Home Prices Are Rising Slowly—But Inflation Eats the Gains

HousingWire thinks national home prices will go up a little, about 1.77%, in 2025. This is a small increase. But it’s less than how much prices for other things are going up. Inflation is around 3% a year. What this means is that after thinking about inflation, home values aren’t really growing much.

This is a good situation for buyers who plan ahead. Some people are waiting, hoping for prices to drop a lot. But that might not happen. Right now, prices are okay, there are more homes to choose from, and you might be able to get a lower rate later.

In Las Vegas, this situation is a bit more complex. Homes for first-time buyers or in the middle price range (between $300,000 and $550,000) are keeping their value steady. Prices aren’t going up much, but they aren’t falling. But high-end homes have gotten a little softer in price. This is a chance to get some high-end homes for less than they were at their highest price.

Don’t Let Headlines Drown Out Real Market Signals

It’s easy to get worried when you see headlines about rates going up, housing bubbles, or politics. But what’s happening in your local area might not be like the bad news you hear nationally. Looking at pending sales, how many homes are for sale, and how many buyers are out there gives a clearer picture.

Steve’s tip: focus on what’s happening where you live, like in your neighborhood and school district. In Las Vegas, areas like Summerlin and Southern Highlands still get lots of interest no matter what’s being said about the economy. Other buyers looking for homes, not online headlines, decide how sales turn out.

las vegas neighborhood with homes and palm trees

Should You Buy or Sell in Las Vegas Right Now?

Sellers: If your home is priced under $600,000, it will likely sell quickly and for a good price. This is especially true if it’s near top schools. More homes are coming on the market, so now is a good time to list before there is more competition later this year.

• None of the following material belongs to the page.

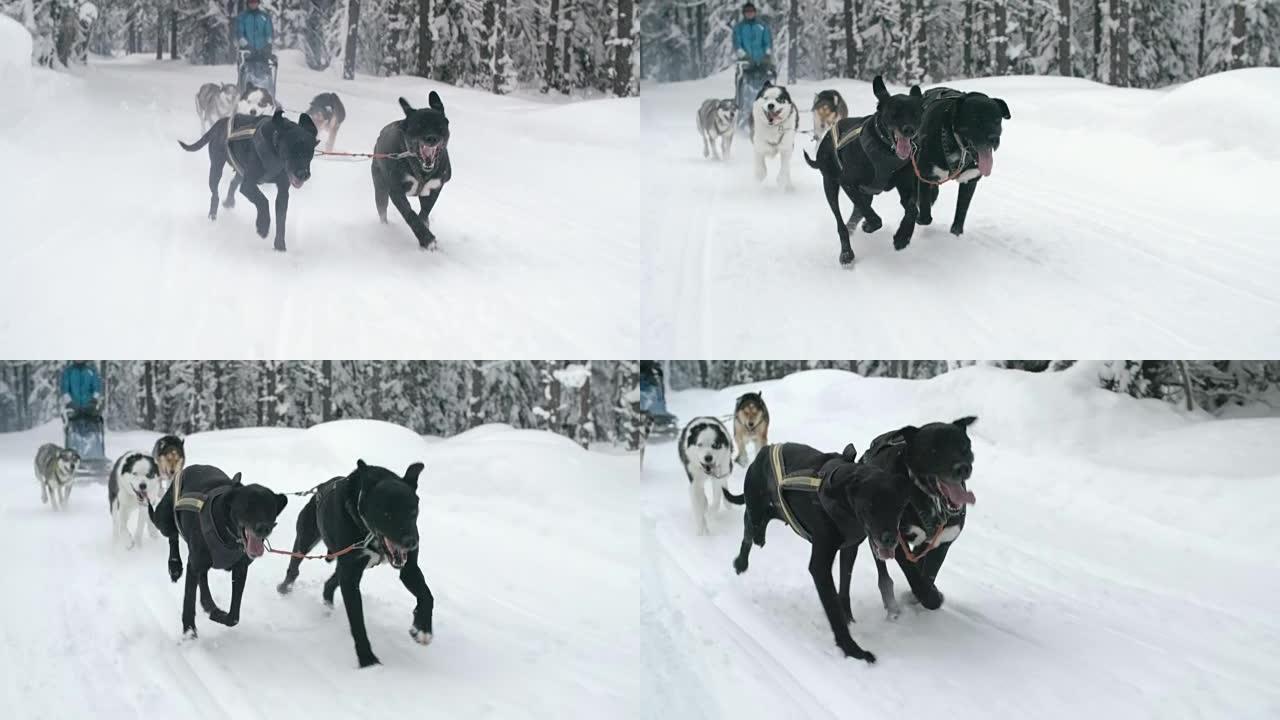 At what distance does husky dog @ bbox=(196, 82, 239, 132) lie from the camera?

Buyers: Waiting for rates to drop a lot might not be the best idea. Even small drops could mean you face bidding wars, especially for homes priced for first-time buyers. It might be better to try and make a deal now when sellers are more open and you have more homes to pick from.

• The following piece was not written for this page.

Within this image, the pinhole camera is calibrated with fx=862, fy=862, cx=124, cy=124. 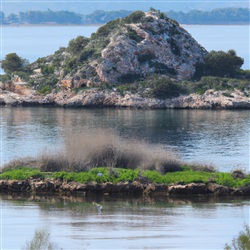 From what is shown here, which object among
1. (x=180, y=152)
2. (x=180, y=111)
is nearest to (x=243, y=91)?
(x=180, y=111)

Investors: Las Vegas still looks better than many other cities for value. Rental income compared to home cost is good. And forecasts say more people will move here through 2030. Demand for rentals is especially strong. This is because the tech and hotel industries are growing.

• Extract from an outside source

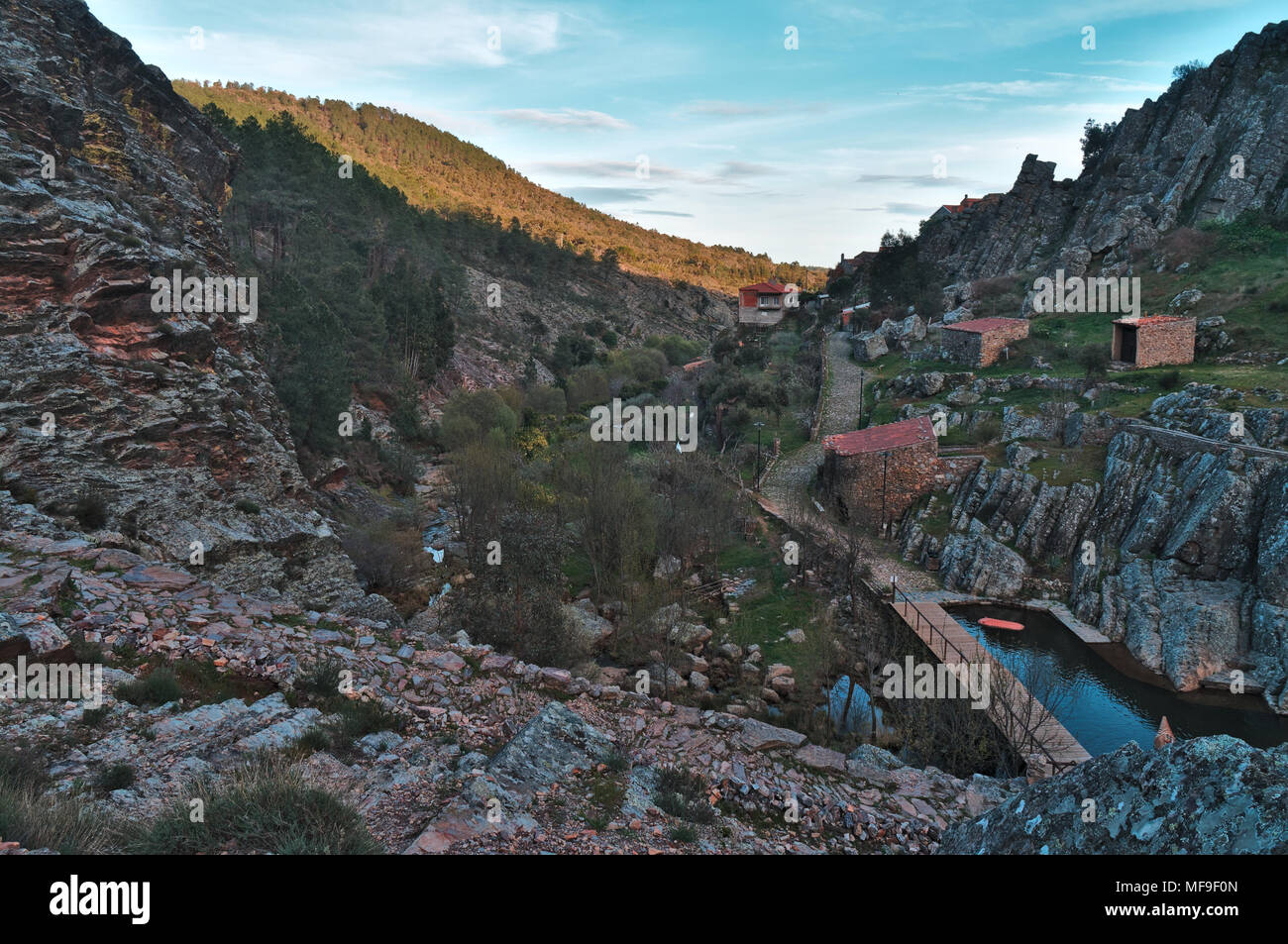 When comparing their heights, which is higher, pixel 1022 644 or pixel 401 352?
pixel 401 352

new homes under construction in desert landscape

What’s Next for Las Vegas Real Estate?

Thinking about a plan, the Las Vegas housing market has a good mix. More homes are for sale, but not too many. Buyers feel more confident or about the same. And prices are starting to look more normal. If mortgage rates stop changing much or drop a little, expect more activity. This will likely come from people who have been waiting.

Look at neighborhoods where money is being spent on roads and services. Or ones with new parks and shops. Or ones close to jobs. For example, think about master-planned areas like Summerlin. Or Inspirada in Henderson. The North Las Vegas area is also getting popular with first-time buyers and investors.

Final Thoughts From Steve Hawks

Markets go up and down. But smart buyers, sellers, and investors focus on what’s happening locally. The numbers for 2025 point to being hopeful, but careful. Mortgage rates are high, but people are finding ways to deal with them. More homes are for sale, but there aren’t too many. And buyers are still actively looking.

Like always, when you do something isn’t the only thing that matters. Having a plan is key. Think about rate buy-downs. Also, look at other ways to finance things. And study the market to match your specific goals. And when chances to act come up, do it with confidence.